Shaun Edwards admits returning to rugby league is a risk but says it is one he is prepared to take.
Edwards, now 51, will become head coach of his home-town club Wigan in 2020 once he has completed his commitments with the Welsh Rugby Union.
In the meantime, another former player, Adrian Lam, will succeed Shaun Wane as interim head coach for 2019 before returning to Australia.
Both men were unveiled at a press conference at the DW Stadium on Thursday morning, when Edwards spoke of his love for the club where he won a total of 37 trophies in a glittering 15-year career.
Edwards left Wigan in 1997 and, after brief spells with London Broncos and Bradford, he moved into coaching in rugby union, initially with Wasps and for the last 10 years with Wales.
“I only left Wigan because of my son,” he said. “I wanted to be part of his life. He’s 21 now and he’s my best mate and I’ve come home.
“Wigan was a huge part of my life for 31 years because I was a supporter before I became a player. It’s absolutely through my bones.
“I’ll be straight with you, some people think I’m taking a risk. I’ve got a pretty established career in rugby union and I would probably be full-time employed in rugby union for the next 10 to 15 years but it’s a risk I’m prepared to take because this is a special place.
“Let’s be honest, rugby league doesn’t have a great reputation for sticking with coaches over a period of time.
“There are a lot more jobs in rugby union, where every team has five or six coaches.”
Wigan chairman Ian Lenagan revealed he tried to appoint Edwards as coach of London Broncos in 2006 before handing the job to Brian McDermott and made an approach to him before appointing Michael Maguire at Wigan in 2009.
Lenagan wanted Edwards to step into the vacancy for 2019 but was forced to make an interim appointment when he insisted on seeing out the remainder of his contract, which runs out after the 2019 World Cup.
“Shaun Edwards was always our first choice,” Lenagan said. “His integrity in wanting to complete his work with Wales is very commendable from our viewpoint.
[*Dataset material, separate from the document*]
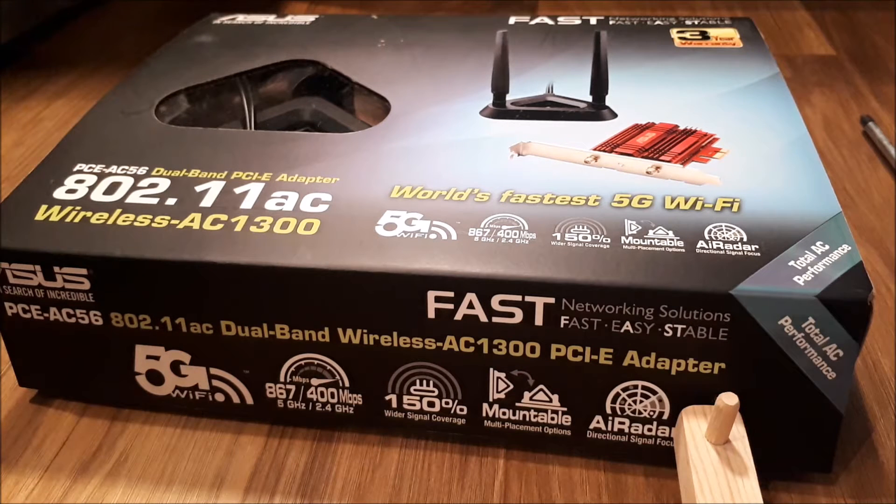I researched into it more and realized I only had a 2.4 gigahertz card, so I was like, oh, how do I fix this? Buy a 5 gigahertz one. I got this on Amazon.co.uk for around £40, and it's definitely worth a purchase. If you're experiencing slow Wi-Fi but paying for faster Wi-Fi, this could be your fix if you're not running on 5 gigahertz.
“Add the fact that Adrian recognises that even one year at Wigan as head coach will get him the jobs that he wants in the NRL and we couldn’t have a better pair of people working with us.”
Despite his Wigan roots, Edwards says it will be a wrench leaving Wales.
“To be honest, the way I’ve been accepted by the Welsh people has been brilliant,” said Edwards, who has signed a three-year contract.
“They treat me like one of their own, I probably never had support it in my whole career.
“I think it would have been disloyal of me to break off just a year before the World Cup.”
Lam, who won the Challenge Cup with Wigan during a four-year stint from 2001-04, was touted as head coach in 2006 when Brian Noble was appointed but went instead to Cronulla.
“I knew I was always going to come back some day, I’ve always had a place in my heart for Wigan,” said Lam, who is on the backroom staff at Sydney Roosters but is happy with his interim role in Super League.
“I understood that from the start,” he added. “It’s something I’m happy about and I think I can make a difference in 12 months.
“It’s something I’m honoured about, making sure that when Shaun takes over in 12 months’ time that everything’s in line.”